Market Overview: NASDAQ 100 Emini Futures
The NASDAQ Emini futures weekly candlestick is a big outside bear bar closing on its low well below the monthly EMA (good for the bears). This is the first time since May 2021 that there are three consecutive bear bars.
The week opened below last week’s low, then went above last week’s high before relentlessly selling off for the last two days of the week.
We are at an interesting point now – we are low enough in the trading range, that there should be buyers soon. At the same time, the bears are strong – they have almost completely reversed the bull leg in March. The three weekly bear bars are reasonably equal sized relative to each other such that there isn’t exhaustion (unlike the disparately sized bars in the bull leg of the trading range).
Bears selling here are confident they can sell more at the monthly EMA above, or at the high of this week and make money. Based on this, this bear leg down is stronger than the bull leg up in March. It is more likely that the market will go below the March low before going much above this week’s high.
At this point, the monthly bar is a big bear bar. The goal for the bulls next week is to close above the monthly EMA around 13700. If the bears close below the monthly EMA, it will be the first time since December 2018.
NASDAQ 100 Emini futures
The Weekly NASDAQ chart
- This week’s NASDAQ candlestick is a big outside bear bar closing on its low well below the monthly EMA.
- This week was expected to go below last week, and below the monthly EMA. The open questions were:
- Would the week close above the monthly EMA?
- Would it to be a doji bar with tails at the bottom?
- Would the bulls be able to avoid a 3rd consecutive bear bar?
- The answer to all the above was an emphatic “No”.

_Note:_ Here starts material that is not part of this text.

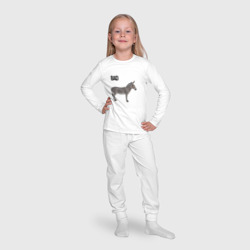 Пижама с принтом Bad ass плохой дикий осел для ребенка, вид на модели спереди №4. Цвет основы: белый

- At the same time, the tail at the top of the bar confirms trading range price action – the bulls who bought the low of the week of 3/21 and bought more lower (close of last week) made money.
- Given the above, bulls will buy the low of March, confident that if it breaks below it, they can buy lower and still make money.
- The bears want another strong bear bar, which would be a follow-through bar for the breakout below the monthly EMA.
- It now looks like the 1st leg down did not finish in January. Instead it’s possible the 1st leg was the March low, and we are now forming the 2nd leg, which is another reason why the market will likely go below the March low.
The Daily NASDAQ chart
- Friday’s candlestick on the daily NASDAQ chart was a big consecutive bear bar closing at its low. Last week was a tight trading range (TTR), and the first 3 days of this week continued that, before the last 2 big days which broke out below that range.
- It has been harder for Limit Order bulls to make money buying the prior lows on this bear leg – the bulls who bought the low of 4/1 or 4/7 have not made money. That may have contributed to the selloff in the last 2 days – those bulls finally gave up when the market couldn’t go above the TTR.
- The market is almost at the measured move (MM) target of the range of the TTR.
- The bear leg does not look like a wedge – rather than this being the 3rd leg, it looks more like the 2nd leg. Given the two big bear days this week, there should be another leg down.
- The market is almost at the bottom of the spike from mid-March. There should be buyers at the bottom of that spike, confident that even if the market goes below it, they should make money.
- The pullback from the spike in March has been deep that its not clear how big the 2nd leg of the spike will be.
- The case for the market making the right shoulder of an inverse head & Shoulders (shown in last week’s report) with neckline at 15178 has broken down.